Je n’entends donc pas ce terme sous le sens actuellement galvaudé en particulier dans le milieu de l’art contemporain. Par exemple la plupart des œuvres exposées au Musée du Québec (2001) puis au Musée d’Art Moderne de Lille (2003) dans l’exposition Le Ludique ne répondent pas à la définition que je propose. En effet, la commissaire d’exposition a porté ses choix sur des productions non pas proprement ludiques, mais issues d’attitudes jugées ludiques. Il ne s’agit pas non plus d’un adjectif qualifiant des pratiques amusantes ou divertissantes, mais d’un nom désignant des pratiques dont le propre est de mêler le spectateur à l’œuvre initiée par l’auteur.

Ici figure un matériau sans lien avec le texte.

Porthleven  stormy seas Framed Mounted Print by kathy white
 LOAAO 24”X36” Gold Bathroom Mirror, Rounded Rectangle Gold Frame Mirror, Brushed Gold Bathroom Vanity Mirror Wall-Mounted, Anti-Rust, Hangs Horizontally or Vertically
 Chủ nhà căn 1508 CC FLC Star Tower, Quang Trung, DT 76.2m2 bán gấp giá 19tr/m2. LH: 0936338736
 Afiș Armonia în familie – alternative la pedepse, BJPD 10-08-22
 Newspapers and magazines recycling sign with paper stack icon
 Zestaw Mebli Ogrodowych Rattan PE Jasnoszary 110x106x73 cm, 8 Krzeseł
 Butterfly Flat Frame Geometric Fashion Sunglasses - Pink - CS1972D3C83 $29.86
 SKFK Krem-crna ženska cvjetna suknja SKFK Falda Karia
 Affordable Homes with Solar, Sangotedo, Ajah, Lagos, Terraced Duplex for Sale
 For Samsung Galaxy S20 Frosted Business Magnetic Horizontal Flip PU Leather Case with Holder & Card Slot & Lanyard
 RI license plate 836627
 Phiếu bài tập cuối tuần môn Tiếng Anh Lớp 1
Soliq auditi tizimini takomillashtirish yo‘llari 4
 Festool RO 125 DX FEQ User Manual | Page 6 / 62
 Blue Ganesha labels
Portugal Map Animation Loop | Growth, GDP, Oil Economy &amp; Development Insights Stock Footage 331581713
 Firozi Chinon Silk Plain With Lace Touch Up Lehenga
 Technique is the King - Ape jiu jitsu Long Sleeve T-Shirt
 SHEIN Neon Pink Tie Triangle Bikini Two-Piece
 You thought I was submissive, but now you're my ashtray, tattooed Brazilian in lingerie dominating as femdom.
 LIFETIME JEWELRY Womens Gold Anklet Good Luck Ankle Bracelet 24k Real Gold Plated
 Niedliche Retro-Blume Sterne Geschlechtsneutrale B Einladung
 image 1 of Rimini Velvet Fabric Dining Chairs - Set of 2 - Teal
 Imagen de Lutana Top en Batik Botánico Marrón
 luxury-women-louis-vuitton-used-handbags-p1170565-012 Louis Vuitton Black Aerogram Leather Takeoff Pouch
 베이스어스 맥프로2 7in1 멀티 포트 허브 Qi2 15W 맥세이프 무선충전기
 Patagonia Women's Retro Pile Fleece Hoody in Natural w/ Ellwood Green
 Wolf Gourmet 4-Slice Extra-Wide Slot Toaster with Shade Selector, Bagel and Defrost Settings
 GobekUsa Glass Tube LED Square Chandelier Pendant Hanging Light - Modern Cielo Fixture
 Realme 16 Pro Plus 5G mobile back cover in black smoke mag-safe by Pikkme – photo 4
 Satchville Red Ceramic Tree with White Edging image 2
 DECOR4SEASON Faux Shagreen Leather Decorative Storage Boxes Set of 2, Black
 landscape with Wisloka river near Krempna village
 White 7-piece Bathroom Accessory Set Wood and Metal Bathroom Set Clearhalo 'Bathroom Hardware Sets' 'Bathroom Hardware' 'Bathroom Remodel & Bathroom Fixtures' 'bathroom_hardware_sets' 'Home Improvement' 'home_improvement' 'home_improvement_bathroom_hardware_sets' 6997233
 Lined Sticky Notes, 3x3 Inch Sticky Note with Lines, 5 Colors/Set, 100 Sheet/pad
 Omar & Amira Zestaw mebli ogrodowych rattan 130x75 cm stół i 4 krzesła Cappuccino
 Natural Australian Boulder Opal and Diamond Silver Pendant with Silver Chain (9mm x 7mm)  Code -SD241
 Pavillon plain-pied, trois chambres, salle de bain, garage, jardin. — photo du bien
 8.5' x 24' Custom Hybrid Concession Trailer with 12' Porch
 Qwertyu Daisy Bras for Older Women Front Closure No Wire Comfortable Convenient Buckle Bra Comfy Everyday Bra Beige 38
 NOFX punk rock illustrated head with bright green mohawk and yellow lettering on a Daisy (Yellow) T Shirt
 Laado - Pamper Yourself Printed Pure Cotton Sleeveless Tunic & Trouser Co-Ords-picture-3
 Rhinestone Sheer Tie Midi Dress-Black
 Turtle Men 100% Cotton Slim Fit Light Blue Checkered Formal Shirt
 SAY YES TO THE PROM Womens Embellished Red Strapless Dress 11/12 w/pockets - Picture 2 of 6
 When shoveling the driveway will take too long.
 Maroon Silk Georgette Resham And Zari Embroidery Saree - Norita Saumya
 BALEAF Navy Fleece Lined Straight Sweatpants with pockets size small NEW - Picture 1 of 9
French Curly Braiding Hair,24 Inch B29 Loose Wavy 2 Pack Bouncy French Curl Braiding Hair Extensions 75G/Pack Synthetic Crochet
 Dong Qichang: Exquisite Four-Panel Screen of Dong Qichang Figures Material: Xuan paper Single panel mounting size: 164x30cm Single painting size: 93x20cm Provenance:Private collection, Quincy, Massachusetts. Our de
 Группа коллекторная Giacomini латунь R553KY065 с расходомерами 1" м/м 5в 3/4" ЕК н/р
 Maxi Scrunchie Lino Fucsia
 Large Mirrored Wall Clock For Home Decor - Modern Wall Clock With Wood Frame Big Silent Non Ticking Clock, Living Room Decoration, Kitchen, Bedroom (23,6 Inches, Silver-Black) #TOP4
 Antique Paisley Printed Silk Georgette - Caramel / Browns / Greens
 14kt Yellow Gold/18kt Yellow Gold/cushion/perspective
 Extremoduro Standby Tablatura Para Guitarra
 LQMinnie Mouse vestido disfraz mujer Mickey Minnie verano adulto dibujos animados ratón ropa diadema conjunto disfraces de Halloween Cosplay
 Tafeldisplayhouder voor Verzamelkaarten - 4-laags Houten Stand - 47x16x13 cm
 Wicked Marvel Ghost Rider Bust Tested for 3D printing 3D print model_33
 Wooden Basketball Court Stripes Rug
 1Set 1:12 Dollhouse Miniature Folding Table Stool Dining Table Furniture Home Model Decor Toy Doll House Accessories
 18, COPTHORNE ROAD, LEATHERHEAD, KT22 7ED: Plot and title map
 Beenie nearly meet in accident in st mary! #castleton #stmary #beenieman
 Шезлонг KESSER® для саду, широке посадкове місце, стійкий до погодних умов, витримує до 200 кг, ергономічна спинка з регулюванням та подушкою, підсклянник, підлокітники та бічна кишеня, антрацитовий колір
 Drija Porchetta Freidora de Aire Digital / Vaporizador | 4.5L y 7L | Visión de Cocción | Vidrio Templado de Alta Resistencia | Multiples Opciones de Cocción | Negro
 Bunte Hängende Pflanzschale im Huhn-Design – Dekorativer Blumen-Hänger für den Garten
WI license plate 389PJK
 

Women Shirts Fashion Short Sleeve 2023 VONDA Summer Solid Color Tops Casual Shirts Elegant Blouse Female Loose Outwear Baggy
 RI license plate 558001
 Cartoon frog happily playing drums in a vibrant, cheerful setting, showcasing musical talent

Je considère le ludique comme une acception particulière de l’interactivité et non un équivalent, car il suppose que l’œuvre existe par l’établissement de règles et non d’une simple interface entre l’auteur et le spectateur. Jouer implique un enjeu, or un joueur ne peut mettre en jeu que ce qu’il possède, pour l’auteur c’est son statut d’auteur : en ouvrant l’œuvre à la participation du spectateur, il se met en danger.

L’attitude ludique est à mes yeux celle qui consiste à s’exposer totalement, à baisser sa garde, c’est une feinte de l’auteur pour tromper la méfiance du spectateur et faire mouche. Il est donc question du lien entre l’auteur et son œuvre, et en particulier du statut que ce lien implique pour l’auteur.